Model Selection in R

This image may not relate to this project at all. Source: http://www.koreatimesus.com. All images, data and R Script can be found here
This is a homework assignment in DSO_530 Applied Modern Statistical Learning Methods class by professor Robertas Gabrys, USC. I completed this project with two classmates He Liu and Kurshal Bhatia. In this assignment, we practice Linear Model Selection and Regularization. We got to know Subset Selection, Shrinkage Methods and Dimension Reduction Regression
Prompt
The data set was taken from the StatLib data repository which is administered and maintained at Carnegie Mellon University. The data set was used in the ASA Statistical Graphics Section's Data Analysis Exposition. This data set consists of 777 observations and 19 variables:
College = Name of a university
Private = A factor with levels No and Yes indicating private or public university
Apps = Number of applications received
Accept = Number of applications accepted
Enroll = Number of new students enrolled
Top10perc = Pct. new students from top 10% of H.S. class
Top25perc = Pct. new students from top 25% of H.S. class
F.Undergrad = Number of fulltime undergraduates
P.Undergrad = Number of parttime undergraduates
Outstate = Out-of-state tuition
Room.Board = Room and board costs
Books = Estimated book costs
Personal = Estimated personal spending
PhD = Pct. of faculty with Ph.D.'s
Terminal = Pct. of faculty with terminal degree
S.F.Ratio = Student/faculty ratio
perc.alumni = Pct. alumni who donate
Expend = Instructional expenditure per student
Grad.Rate = Graduation rate
Objective of the analysis: build a predictive model to predict the number of applications received using given features in the College data set.
We will use several models and compare their predictive accuracy.
Prepare Data
college <-read.csv("college.csv")
head(college)
The first column is just the name of each university. We don’t really want R to treat this as data. However, it may be handy to have these names for later, so we use this data as names for rows.
rownames(college) <- college[,1]
college <- college[,-1]
str(college)
summary(college)
We are going to divide universities into two groups based on whether or not the proportion of students coming from the top 10 % of their high school classes exceeds 50 %. The decision is recorded in a dummy variable called Elite.

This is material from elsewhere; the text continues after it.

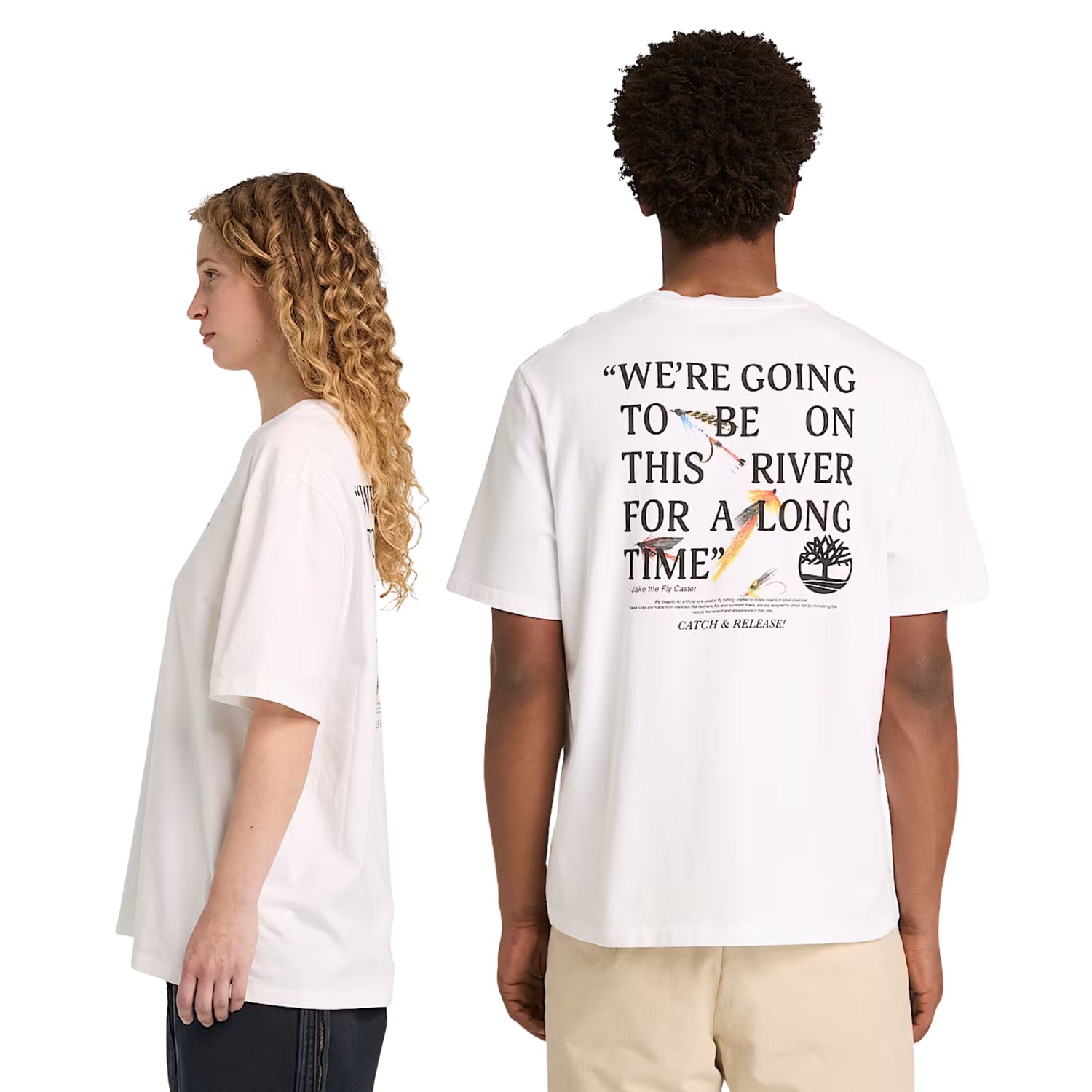 T-Shirt de manga curta unissexo Timberland Slogan em Branco. Foto da parte de trás e lateral, vestida.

college$Elite=rep("No",nrow(college))
college$Elite[college$Top10perc >50]=" Yes"
college$Elite=as.factor(college$Elite)
# Change the Private and Elite into dummy variables
college$Elite = as.numeric(as.numeric(college$Elite)==1)
college$Private= as.numeric(as.numeric(college$Private)==2)
Let's create a training set and a testing set
set.seed(1)
test_id<-sample(dim(college)[1],200)
y.train=college[-(test_id),2]
x.train=college[-(test_id),-2]
y.test=college[(test_id),2]
x.test=college[(test_id),-2]
test=college[test_id,]
train=college[-(test_id),]
To evaluate models predictive accuracy, we create functions for RMSE and MAPE for convenient calls later. We can also inclue other measures of error like CV.
RMSE=function(y,y.hat) sqrt(mean((y-y.hat)^2))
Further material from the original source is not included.